Slowing economic growth, coupled with a weak rupee, has left insufficient money for the military's ambitious modernisation programme. With no tri-service chief to coordinate and prioritize the needs of the army, air force and navy, their 15-year "long-term integrated perspective plan" is only an unaffordable wish list.
So dire is the shortfall, say senior ministry officials, that negotiations with vendors are dragged on, simply because there is insufficient money for new contracts. The capital budget (meant for new equipment) goes almost entirely on previous years' purchases, for which instalments are paid over five-10 years. This year, only Rs 2,955 crore of the military's capital budget of Rs 73,444 crore was available for new purchases.
Meanwhile, revenue expenditure rises as the army grows in size, even as pay commissions increase the cost of manpower. Last month, Rs 7,870 crore was transferred from the already stressed capital account to meet the burgeoning revenue expenditure.
Also stuck in the pipeline are contracts with US company Boeing - for 22 AH-64 Apache attack helicopters and 12 CH-47F Chinook multi-mission helicopters, together worth some $2 billion; and a billion-dollar repeat order for four P-8I maritime aircraft to supplement the eight already bought. Delay is inevitable in the purchase of another 10 C-17 Globemaster III, worth $4 billion; as also in the $3-billion purchase of Honeywell engines to extend the service life of the Indian Air Force's (IAF's) 100-odd Jaguar fighters.
Seemingly impossible now is a contract for 126 Rafale medium multi-role combat aircraft (MMRCA). IAF would need to fork out Rs 15,000 crore as the 15 per cent signing amount, even at the lower end of Rafale's estimated price band of $16-20 billion.
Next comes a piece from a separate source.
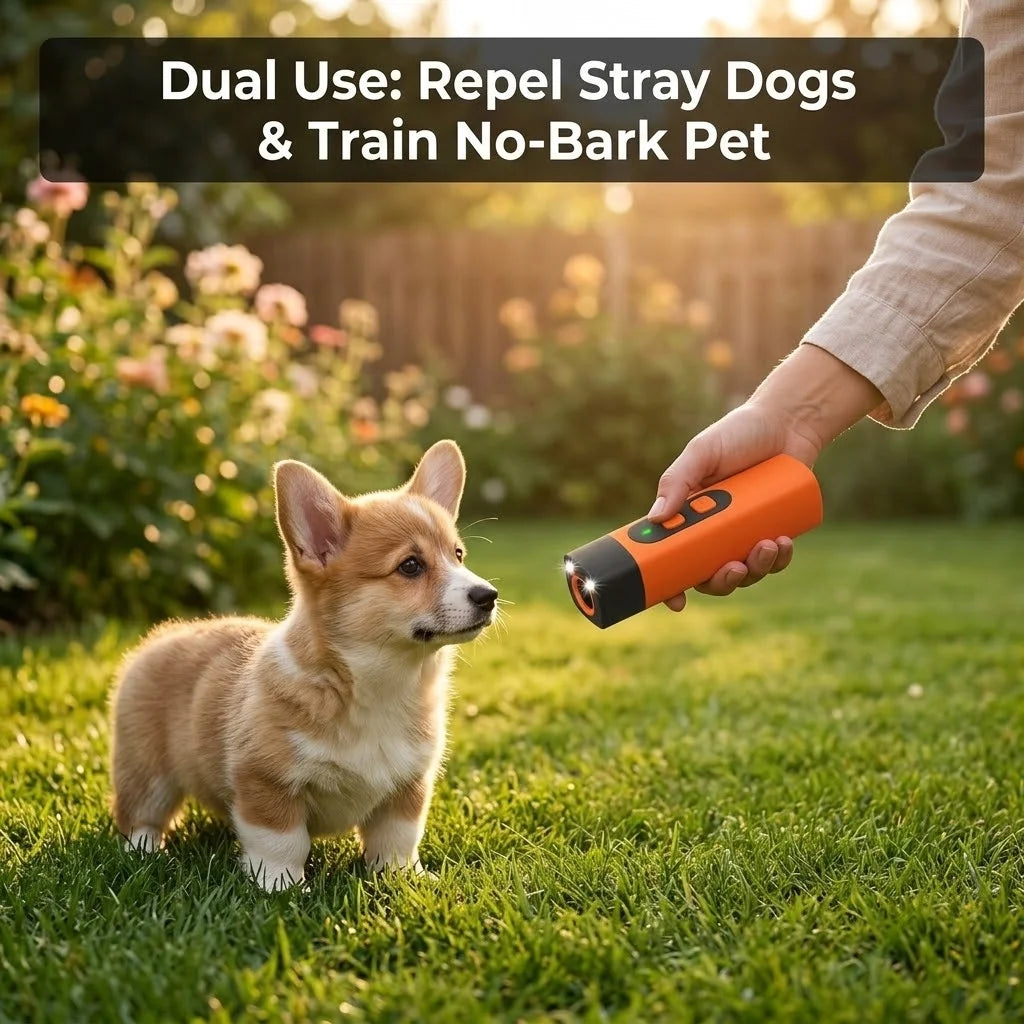 A person holds an orange ultrasonic device while a small dog looks toward it in a grassy outdoor setting.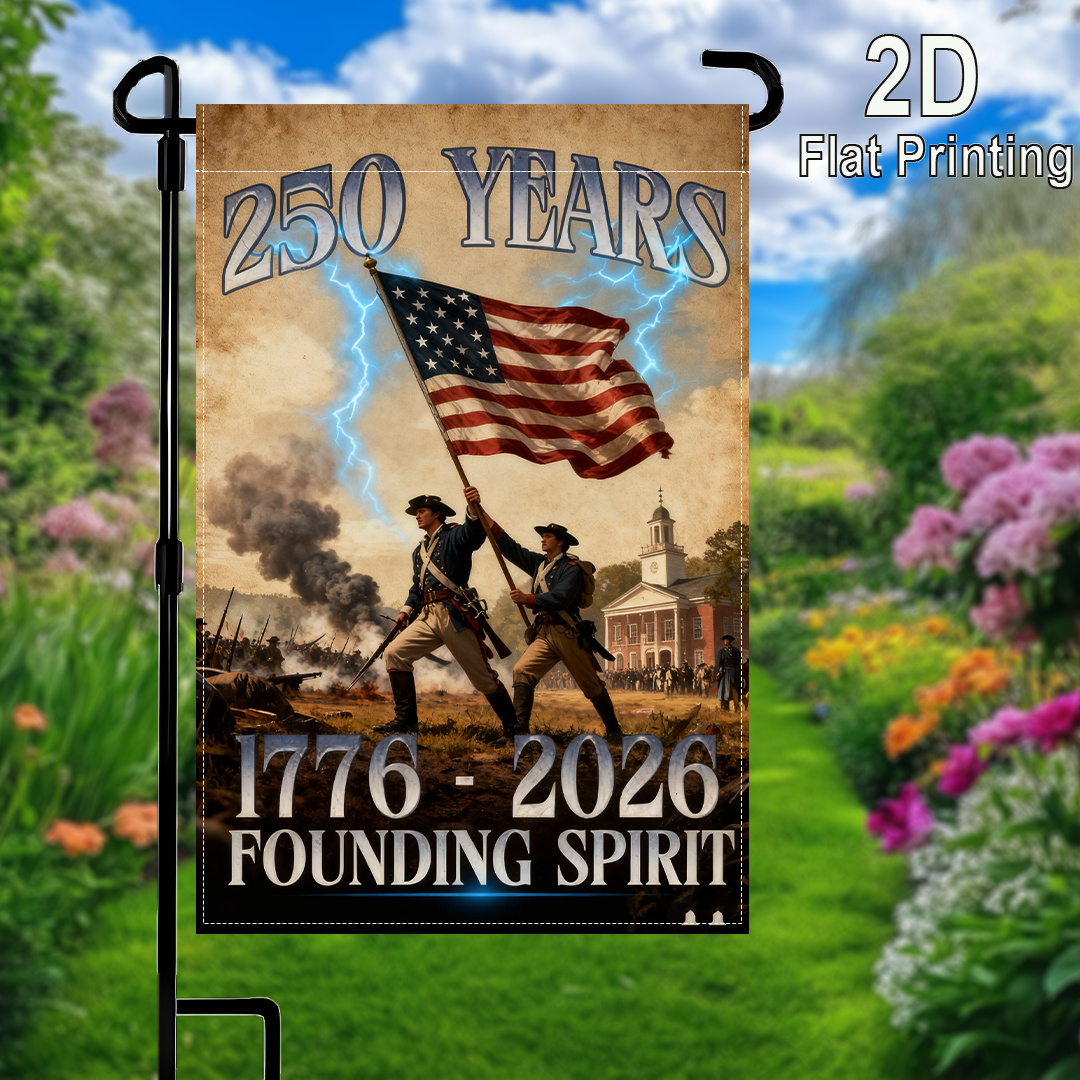 TEMU 2d Flat, (2d Flat Printhing) Printing, 1pc, Double-sided Garden Flag(12* 18inch), "250 Years 1776- 2026" With American Flag, Patriotic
Meanwhile, the weaponry bought this financial year - like the December 27 purchase of six C-130J Super Hercules transport aircraft for a billion dollars - will swell the "committed liabilities" for coming years, leaving a diminishing percentage for new purchases. If the Hercules are delivered over four years, MoD would need to pre-commit four annual instalments of Rs 1,560 crore each.
The proportion of pre-committed instalments has risen each year (see chart). In 2010-11, the capital budget allocated Rs 17,278 crore for new contracts and Rs 28,408 crore for "committed liabilities", or instalments due.
In 2011-12, there was Rs 9,467 crore for new contracts, while Rs 32,995 crore went on committed liabilities. Last year, the money for new contracts dropped to Rs 5,520 crore, with Rs 54,840 crore pre-allocated for instalments. This year, there is just Rs 2,955 crore for new contracts, while Rs 64,680 crore is pre-committed. Next year, without a sharp raise in the defence budget, there may be nothing for new contracts.
This crisis has been predictable in the absence of a tri-service commander to coordinate army, air force and navy spending. Each year, budgetary figures show no correlation between planning and expenditure. In 2011-12, the military asked for a capital allocation of Rs 88,680 crore; the government allocated far less, and the military eventually spent just 59 per cent of what it had projected. Last year, capital expenditure was just 63 per cent of the Rs 93,828 crore the military had asked for. This year, the military will spend a mere 58 per cent of the projected requirement of Rs 1,23,911 crore.
Former army vice-chief, Lieutenant General Shantanu Chaudhary, says appointing a tri-service chief is essential for easing the pressure on military budgets, both capital and revenue. A permanent chairman of the chiefs of staff committee (COSC), which the Naresh Chandra Task Force recommended to the prime minister last year, will rationalise the roles and capabilities of the three services, many of which are wastefully duplicated today. Expenditure could be reduced and efficiency increased by getting the army, navy and air force to share infrastructure, logistics, command systems and even platforms. He cites multiple examples of needless duplication - electronic warfare capabilities created by all three services; complex command, control and intelligence networks that each service has created separately, instead of a common platform; and separate surveillance systems that result in thrice the expense and half the efficacy.
"The three services essentially look out for themselves. The senior-most service chief, who is the ex-officio chairman of COSC, naturally looks out for his own service rather than the tri-service good. Sensible modernisation demands a tri-service chief, who can prioritise procurement, plan budgeting and slash the duplication and triplication," says Chaudhary.